Segundo Rosane, o mercado é uma nova concepção de comércio popular, e é natural que a idéia enfrente a resistência de algumas pessoas. Ela afirma que existe um grande número de comerciantes satisfeitos com a mudança, que afirmam ter aumentado suas vendas depois que foram transferidos da Praça Rui Barbosa. ‘‘Hoje eles não precisam mais se preocupar com problemas de segurança, ou com o excesso de sol e de chuva’’, diz.

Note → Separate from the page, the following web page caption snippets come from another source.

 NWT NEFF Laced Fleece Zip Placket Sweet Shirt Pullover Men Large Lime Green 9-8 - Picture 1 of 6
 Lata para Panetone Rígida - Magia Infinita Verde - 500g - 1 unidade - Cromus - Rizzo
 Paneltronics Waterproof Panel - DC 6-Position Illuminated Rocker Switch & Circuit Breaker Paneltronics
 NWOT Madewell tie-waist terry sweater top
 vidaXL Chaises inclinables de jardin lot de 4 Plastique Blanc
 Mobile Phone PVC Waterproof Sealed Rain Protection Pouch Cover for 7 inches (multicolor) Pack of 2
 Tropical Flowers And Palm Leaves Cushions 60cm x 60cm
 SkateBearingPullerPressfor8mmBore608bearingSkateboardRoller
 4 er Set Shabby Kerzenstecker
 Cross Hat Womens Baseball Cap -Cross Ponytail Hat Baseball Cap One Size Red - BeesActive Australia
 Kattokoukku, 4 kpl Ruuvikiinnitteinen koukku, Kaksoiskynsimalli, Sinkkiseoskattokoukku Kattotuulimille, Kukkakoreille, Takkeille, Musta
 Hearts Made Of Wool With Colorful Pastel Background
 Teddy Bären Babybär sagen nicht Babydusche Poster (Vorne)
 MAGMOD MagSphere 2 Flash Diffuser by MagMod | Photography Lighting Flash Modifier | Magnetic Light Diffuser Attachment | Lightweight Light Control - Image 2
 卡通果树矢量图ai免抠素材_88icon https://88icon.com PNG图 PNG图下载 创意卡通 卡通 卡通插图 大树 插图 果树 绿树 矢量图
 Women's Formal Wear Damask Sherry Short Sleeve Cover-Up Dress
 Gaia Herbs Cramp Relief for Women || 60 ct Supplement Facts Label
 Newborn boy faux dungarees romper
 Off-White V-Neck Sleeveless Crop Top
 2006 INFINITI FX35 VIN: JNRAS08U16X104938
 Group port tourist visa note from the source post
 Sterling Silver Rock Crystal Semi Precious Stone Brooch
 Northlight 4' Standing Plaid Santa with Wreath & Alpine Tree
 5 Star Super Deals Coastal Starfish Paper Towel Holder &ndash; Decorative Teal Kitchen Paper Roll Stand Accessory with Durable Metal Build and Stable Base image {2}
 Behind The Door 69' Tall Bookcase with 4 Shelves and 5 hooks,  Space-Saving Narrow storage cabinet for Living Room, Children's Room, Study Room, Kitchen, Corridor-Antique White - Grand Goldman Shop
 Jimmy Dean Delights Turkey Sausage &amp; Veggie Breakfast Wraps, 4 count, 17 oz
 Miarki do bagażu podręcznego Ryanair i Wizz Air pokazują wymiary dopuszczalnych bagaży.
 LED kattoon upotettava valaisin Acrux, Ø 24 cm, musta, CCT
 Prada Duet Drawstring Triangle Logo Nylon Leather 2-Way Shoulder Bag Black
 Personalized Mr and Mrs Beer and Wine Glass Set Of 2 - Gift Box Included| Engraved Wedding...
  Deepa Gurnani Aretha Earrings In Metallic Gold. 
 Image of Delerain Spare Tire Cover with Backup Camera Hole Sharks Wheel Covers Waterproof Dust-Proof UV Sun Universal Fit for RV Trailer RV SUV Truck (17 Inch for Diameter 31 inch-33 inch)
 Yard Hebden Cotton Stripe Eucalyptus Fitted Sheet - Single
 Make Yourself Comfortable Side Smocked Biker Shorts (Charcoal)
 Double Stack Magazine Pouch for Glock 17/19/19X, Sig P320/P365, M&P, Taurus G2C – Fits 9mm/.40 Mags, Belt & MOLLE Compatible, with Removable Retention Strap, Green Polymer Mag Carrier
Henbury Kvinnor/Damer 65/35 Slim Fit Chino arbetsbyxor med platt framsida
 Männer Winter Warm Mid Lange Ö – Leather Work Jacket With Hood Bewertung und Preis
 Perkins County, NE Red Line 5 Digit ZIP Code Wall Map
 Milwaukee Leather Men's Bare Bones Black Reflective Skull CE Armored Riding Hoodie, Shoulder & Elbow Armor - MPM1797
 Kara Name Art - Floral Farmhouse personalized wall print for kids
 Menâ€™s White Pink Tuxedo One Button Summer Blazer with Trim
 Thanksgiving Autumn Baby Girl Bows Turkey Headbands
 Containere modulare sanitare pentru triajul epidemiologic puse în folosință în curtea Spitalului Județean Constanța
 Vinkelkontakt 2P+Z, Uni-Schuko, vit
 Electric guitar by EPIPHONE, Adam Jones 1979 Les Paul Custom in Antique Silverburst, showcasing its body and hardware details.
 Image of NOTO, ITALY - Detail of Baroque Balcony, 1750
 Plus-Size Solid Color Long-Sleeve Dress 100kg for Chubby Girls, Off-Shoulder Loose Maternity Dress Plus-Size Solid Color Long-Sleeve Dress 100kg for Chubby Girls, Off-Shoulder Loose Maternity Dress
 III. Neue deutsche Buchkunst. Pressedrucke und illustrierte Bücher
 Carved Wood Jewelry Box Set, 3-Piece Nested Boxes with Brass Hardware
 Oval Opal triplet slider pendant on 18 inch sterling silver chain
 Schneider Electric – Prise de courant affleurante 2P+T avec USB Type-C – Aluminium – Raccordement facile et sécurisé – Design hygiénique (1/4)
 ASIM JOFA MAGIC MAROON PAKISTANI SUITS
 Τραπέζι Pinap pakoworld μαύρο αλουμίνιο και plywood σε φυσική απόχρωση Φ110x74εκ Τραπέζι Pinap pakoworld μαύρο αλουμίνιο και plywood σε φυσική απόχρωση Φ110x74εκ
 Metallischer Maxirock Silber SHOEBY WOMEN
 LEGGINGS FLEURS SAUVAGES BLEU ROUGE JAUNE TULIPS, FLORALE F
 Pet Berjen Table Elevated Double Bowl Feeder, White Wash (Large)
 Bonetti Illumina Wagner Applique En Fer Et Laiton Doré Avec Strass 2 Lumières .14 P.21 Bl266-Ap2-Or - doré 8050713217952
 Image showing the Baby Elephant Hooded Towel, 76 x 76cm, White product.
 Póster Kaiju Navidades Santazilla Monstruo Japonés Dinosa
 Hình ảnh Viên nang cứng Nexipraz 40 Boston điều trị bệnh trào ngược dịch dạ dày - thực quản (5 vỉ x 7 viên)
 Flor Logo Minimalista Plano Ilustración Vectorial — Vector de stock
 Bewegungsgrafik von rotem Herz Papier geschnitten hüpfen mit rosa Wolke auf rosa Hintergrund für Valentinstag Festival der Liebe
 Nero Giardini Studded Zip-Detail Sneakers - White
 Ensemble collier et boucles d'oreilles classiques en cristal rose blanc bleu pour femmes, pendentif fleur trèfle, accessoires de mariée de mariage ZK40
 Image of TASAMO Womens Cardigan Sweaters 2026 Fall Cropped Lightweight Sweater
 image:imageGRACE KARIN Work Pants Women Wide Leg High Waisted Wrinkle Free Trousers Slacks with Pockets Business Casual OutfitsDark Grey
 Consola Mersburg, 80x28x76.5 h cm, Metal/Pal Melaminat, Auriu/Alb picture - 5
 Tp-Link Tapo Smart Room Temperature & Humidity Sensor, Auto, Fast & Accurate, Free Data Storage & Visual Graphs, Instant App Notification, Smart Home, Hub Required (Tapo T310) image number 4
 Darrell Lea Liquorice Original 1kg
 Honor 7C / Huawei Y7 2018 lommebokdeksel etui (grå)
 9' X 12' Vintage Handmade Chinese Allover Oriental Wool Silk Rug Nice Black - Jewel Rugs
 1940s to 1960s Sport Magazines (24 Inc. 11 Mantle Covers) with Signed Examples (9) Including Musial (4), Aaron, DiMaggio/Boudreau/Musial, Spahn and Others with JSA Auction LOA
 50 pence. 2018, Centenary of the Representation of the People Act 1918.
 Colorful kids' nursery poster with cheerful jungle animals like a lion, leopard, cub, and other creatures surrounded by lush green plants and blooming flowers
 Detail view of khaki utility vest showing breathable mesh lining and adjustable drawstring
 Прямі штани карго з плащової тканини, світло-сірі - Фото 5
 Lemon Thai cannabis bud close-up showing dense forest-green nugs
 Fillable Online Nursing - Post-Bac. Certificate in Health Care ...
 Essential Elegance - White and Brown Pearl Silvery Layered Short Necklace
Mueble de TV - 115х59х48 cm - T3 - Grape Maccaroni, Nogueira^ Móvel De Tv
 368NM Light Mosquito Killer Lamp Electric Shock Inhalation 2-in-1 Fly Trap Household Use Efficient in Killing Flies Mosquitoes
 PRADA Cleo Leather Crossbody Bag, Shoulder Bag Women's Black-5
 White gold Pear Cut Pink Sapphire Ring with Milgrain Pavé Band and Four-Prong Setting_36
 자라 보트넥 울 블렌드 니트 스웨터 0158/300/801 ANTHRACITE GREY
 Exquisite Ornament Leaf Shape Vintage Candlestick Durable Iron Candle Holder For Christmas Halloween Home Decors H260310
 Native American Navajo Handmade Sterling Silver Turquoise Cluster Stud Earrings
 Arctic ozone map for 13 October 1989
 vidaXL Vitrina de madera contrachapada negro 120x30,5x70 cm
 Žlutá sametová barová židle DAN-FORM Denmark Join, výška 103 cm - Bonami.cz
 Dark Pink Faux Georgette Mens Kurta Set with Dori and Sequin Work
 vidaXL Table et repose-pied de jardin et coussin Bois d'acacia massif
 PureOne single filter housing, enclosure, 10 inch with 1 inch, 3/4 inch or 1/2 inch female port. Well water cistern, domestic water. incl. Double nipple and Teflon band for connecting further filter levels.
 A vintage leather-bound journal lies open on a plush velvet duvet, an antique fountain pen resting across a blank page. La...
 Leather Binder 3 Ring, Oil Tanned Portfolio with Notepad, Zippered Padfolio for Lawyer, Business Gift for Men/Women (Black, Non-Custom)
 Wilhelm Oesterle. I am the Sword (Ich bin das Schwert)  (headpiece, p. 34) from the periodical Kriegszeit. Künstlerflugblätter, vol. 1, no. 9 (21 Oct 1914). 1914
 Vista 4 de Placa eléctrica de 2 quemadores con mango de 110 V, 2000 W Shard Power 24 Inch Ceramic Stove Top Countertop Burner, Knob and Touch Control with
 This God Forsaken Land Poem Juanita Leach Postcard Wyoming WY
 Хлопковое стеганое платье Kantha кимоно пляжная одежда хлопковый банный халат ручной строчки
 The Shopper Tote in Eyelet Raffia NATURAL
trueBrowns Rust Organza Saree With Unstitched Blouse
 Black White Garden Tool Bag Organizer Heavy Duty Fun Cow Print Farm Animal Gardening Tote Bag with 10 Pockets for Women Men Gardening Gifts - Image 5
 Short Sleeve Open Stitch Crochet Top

A administradora não concorda com a crítica feita pelos vendedores, segundo a qual a Rua da Matriz seria um ‘‘projeto fracassado’’ por não estar atraindo o público. ‘‘A Rua da Matriz foi concebida para oferecer um futuro melhor aos ambulantes e talvez leve algum tempo para que o público se acostume com a mudança’’, afirma.
A assessoria de imprensa da Urbs informou que não existe nenhuma previsão de redução das taxas de manutenção cobradas atualmente pela empresa. Segundo a Urbs, o valor é pequeno se comparado à infra-estrutura oferecida aos comerciantes e à localização privilegiada do Mercado Central. (C.P.)